ASSIGNMENT >>
Set down each record below precisely, skipping the pictures.

(Caption-style text data)
○ ○ ○
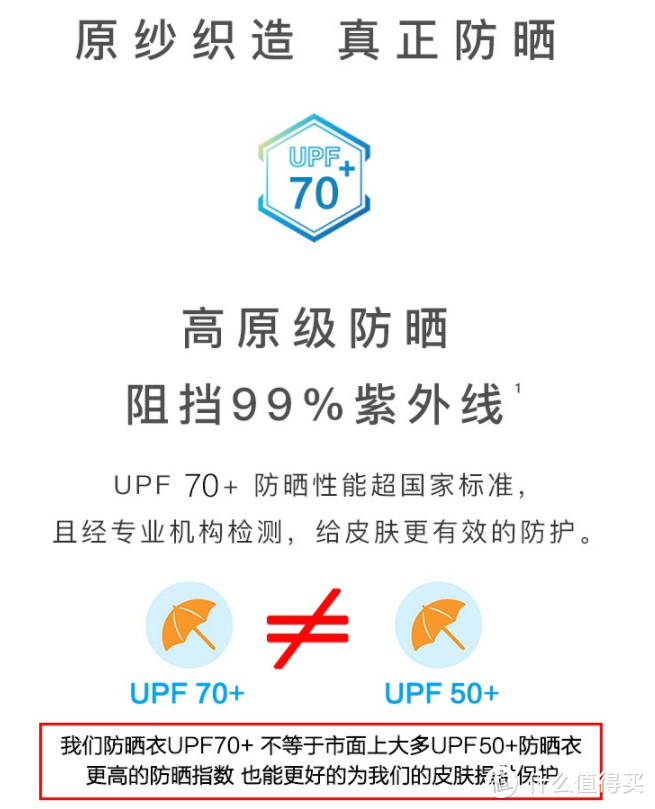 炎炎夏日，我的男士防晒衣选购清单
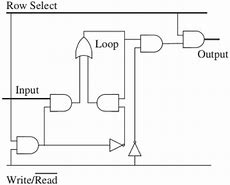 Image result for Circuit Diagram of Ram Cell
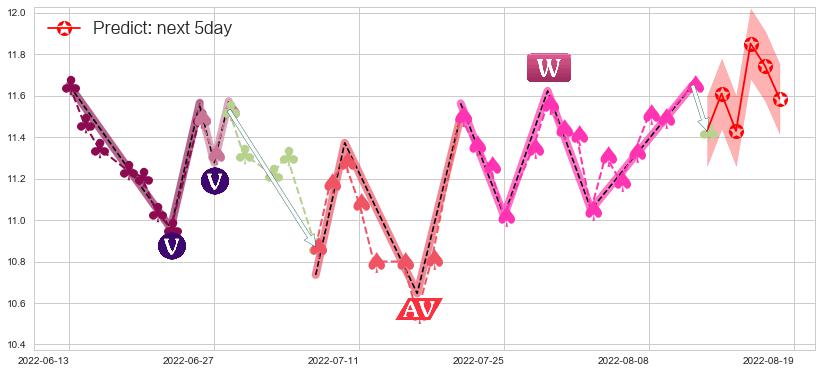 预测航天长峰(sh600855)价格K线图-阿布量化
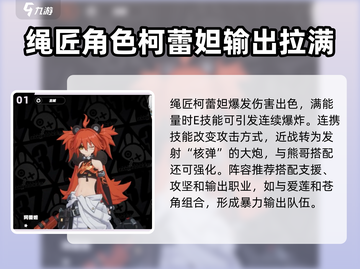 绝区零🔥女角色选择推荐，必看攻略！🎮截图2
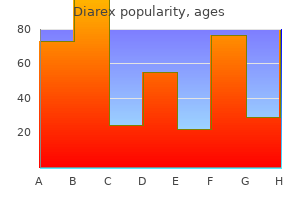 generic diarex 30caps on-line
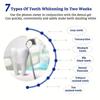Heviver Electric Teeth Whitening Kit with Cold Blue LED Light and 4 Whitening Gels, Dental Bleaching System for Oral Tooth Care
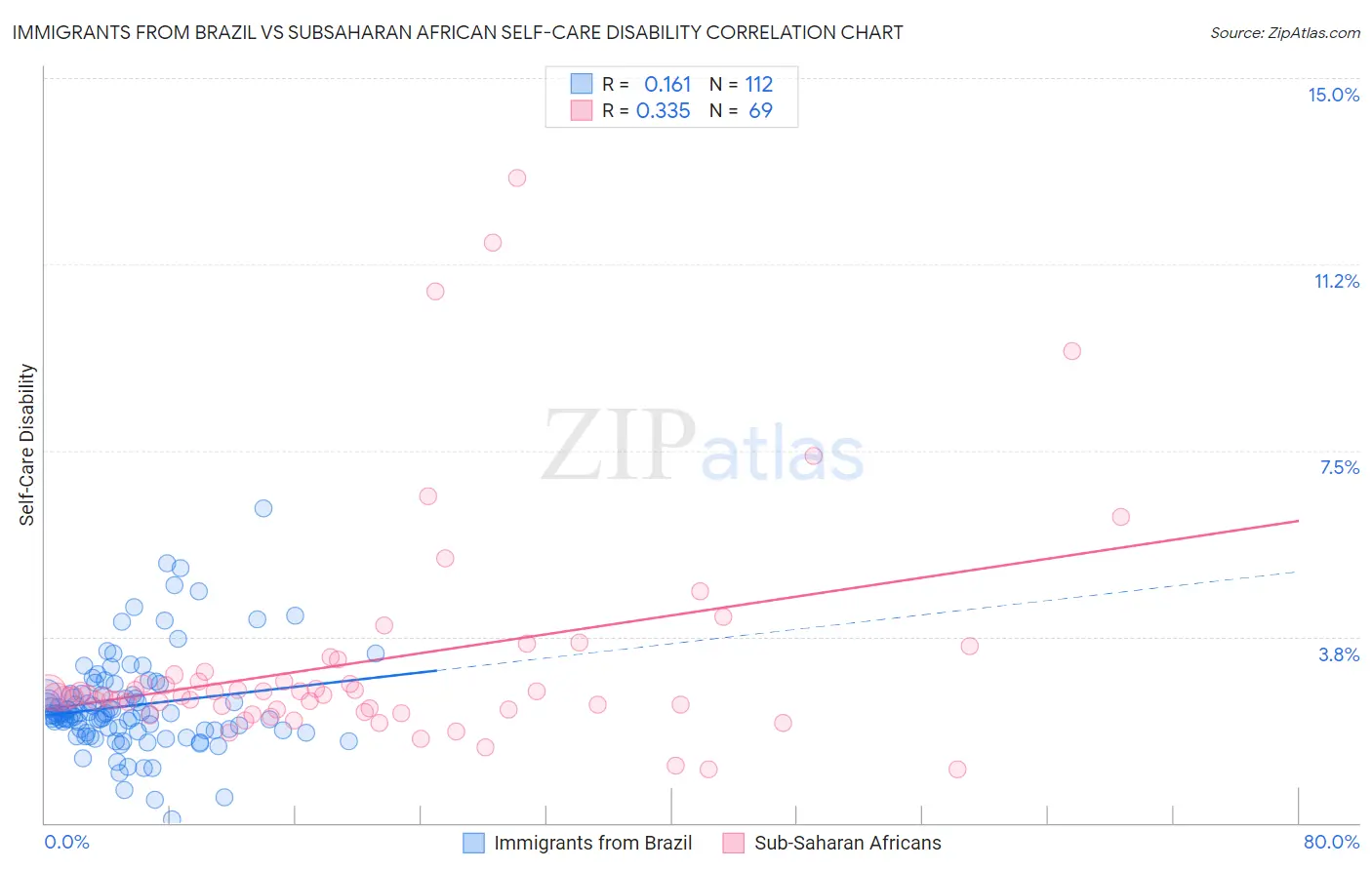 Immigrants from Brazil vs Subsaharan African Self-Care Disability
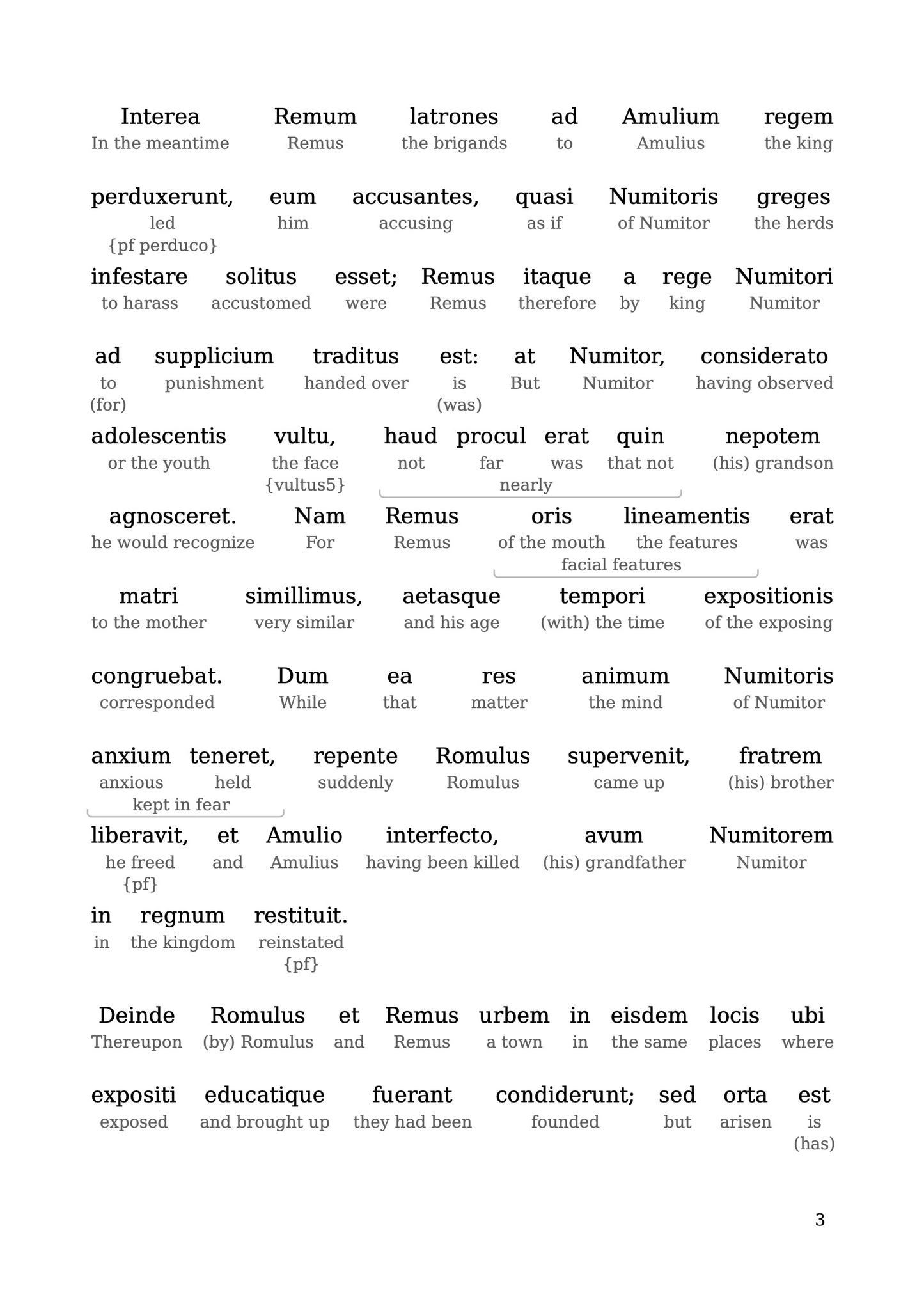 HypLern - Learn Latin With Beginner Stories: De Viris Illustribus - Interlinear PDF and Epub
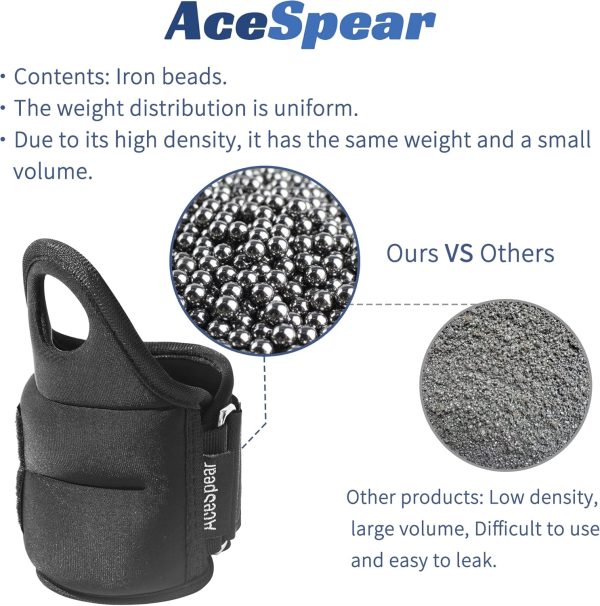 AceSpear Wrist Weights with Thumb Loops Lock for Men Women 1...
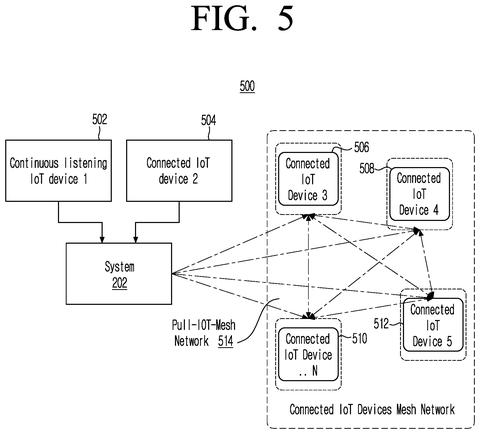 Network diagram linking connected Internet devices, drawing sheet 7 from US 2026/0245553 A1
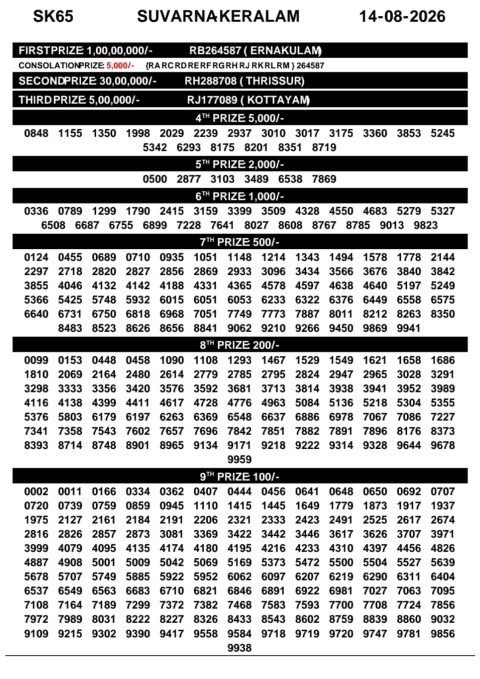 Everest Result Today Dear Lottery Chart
○ ○ ○
RESULT FOR THIS EXERCISE >>
 炎炎夏日，我的男士防晒衣选购清单
 Image result for Circuit Diagram of Ram Cell
 预测航天长峰(sh600855)价格K线图-阿布量化
 绝区零🔥女角色选择推荐，必看攻略！🎮截图2
 generic diarex 30caps on-line
Heviver Electric Teeth Whitening Kit with Cold Blue LED Light and 4 Whitening Gels, Dental Bleaching System for Oral Tooth Care
 Immigrants from Brazil vs Subsaharan African Self-Care Disability
 HypLern - Learn Latin With Beginner Stories: De Viris Illustribus - Interlinear PDF and Epub
 AceSpear Wrist Weights with Thumb Loops Lock for Men Women 1...
 Network diagram linking connected Internet devices, drawing sheet 7 from US 2026/0245553 A1
 Everest Result Today Dear Lottery Chart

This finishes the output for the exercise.